Alors, ces derniers jours partagés à Aix-en-Provence ont été savourés sans modération.
D’autant plus que la collaboration du maestro Dennis Russell Davies avec l’OFJ s’arrête aussi cette semaine après Paris. Les 101 musiciens, tous pupitres confondus, ont donc mis un point d’honneur à briller pour fêter dignement celui qui leur a beaucoup appris depuis son estrade de directeur musical et du haut de ses 70 printemps. Adams, Stravinsky et Brahms étaient au programme de cette dernière aixoise au Grand Théâtre de Provence, lieu de résidence, rappelons le, depuis de nombreuses années pour les formations symphonique et baroque de l’OFJ.
Un programme à l’image de Dennis Russell Davies, de ses goûts et de ce qu’il a apporté pendant cinq années à l’orchestre. La musique américaine, tout d’abord, avec John Adams et sa pièce «The Chairman dances» de 1985, tirée de son opéra « Nixon in China ». Un modèle de musique répétitive qui bénéficie de «surprises» instrumentales tout au long de son interprétation.
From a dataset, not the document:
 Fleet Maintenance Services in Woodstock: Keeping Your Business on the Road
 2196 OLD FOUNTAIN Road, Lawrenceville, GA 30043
Le chef d’orchestre se délecte visiblement de cette direction, pouvant compter sur la vitalité d’un orchestre attentif, aux cordes superbes, aux vents précis, aux cuivres très présents et solides et aux percussions efficaces. Entrée en matière réussie… Pour suivre, c’est le très rare «Concerto pour piano et instruments à vents» d’Igor Stravinsky qui était au programme. Un échange permanent entre le clavier et les autres instruments, une performance indéniable pour le soliste. En l’occurrence «la» soliste Maki Namekawa qui s’est approprié l’œuvre depuis longtemps et qui la vit totalement de l’intérieur en la jouant. Un toucher très «percussif», de la puissance, de la personnalité au service d’une grande virtuosité et d’une vélocité qui sied totalement à cette composition surprenante caractérisent sa prestation. Entourée efficacement par les vents et les contrebasses de l’OFJ, Maki Namekawa impose ce concerto avant de donner, en bis, une étude de Philip Glass, compositeur qu’elle affectionne tout particulièrement et dont elle a enregistré de nombreuses œuvres. Un bis séduisant marqué par une parfaite maîtrise du rythme et du toucher. Superbe.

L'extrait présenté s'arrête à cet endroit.